[Data listing]:
........

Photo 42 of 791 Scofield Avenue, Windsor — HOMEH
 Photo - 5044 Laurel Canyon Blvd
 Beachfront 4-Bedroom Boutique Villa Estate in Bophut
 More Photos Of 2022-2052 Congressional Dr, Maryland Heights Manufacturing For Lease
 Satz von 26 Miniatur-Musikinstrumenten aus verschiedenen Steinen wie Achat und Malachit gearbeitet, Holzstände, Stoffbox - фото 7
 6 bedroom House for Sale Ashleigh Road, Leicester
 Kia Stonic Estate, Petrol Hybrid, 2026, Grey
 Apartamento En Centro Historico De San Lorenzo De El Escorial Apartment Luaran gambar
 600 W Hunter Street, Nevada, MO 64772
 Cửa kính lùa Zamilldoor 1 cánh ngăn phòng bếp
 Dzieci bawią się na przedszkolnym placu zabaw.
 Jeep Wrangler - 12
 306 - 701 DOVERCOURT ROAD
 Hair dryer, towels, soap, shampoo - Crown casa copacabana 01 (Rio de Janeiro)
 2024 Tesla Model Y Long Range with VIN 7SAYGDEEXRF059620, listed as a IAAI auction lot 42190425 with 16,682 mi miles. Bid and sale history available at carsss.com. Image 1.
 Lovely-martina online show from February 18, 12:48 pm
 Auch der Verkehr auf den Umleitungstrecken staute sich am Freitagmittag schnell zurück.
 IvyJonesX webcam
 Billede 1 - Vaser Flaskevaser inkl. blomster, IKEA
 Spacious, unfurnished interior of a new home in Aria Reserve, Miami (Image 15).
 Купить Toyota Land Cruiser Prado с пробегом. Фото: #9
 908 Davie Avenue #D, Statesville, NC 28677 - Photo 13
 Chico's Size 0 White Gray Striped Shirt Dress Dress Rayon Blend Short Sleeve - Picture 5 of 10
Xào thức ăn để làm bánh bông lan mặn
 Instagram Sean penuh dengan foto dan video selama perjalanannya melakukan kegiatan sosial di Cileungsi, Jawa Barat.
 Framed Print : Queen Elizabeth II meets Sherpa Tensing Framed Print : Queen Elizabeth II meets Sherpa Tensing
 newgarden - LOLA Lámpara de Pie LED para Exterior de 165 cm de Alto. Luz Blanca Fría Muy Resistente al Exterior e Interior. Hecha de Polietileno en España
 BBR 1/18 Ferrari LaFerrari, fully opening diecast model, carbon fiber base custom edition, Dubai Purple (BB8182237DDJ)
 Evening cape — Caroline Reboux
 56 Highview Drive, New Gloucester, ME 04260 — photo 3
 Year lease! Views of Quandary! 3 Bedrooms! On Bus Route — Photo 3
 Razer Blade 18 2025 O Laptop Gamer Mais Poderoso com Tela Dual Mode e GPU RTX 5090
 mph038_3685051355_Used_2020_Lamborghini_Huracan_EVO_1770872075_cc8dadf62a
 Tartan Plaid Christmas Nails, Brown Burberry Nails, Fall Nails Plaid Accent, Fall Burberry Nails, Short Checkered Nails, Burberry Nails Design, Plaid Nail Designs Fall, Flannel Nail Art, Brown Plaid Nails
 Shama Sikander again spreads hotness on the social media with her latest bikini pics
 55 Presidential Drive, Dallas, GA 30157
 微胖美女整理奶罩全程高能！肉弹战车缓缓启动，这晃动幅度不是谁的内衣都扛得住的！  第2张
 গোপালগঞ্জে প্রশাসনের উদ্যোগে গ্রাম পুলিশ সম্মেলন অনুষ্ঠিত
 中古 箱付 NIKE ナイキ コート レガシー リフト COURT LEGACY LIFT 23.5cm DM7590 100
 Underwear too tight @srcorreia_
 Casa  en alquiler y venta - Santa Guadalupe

........

[Exercise instructions]: Select all lines in the listing that include the word "with".

[Exercise solution]:
 2024 Tesla Model Y Long Range with VIN 7SAYGDEEXRF059620, listed as a IAAI auction lot 42190425 with 16,682 mi miles. Bid and sale history available at carsss.com. Image 1.
 Shama Sikander again spreads hotness on the social media with her latest bikini pics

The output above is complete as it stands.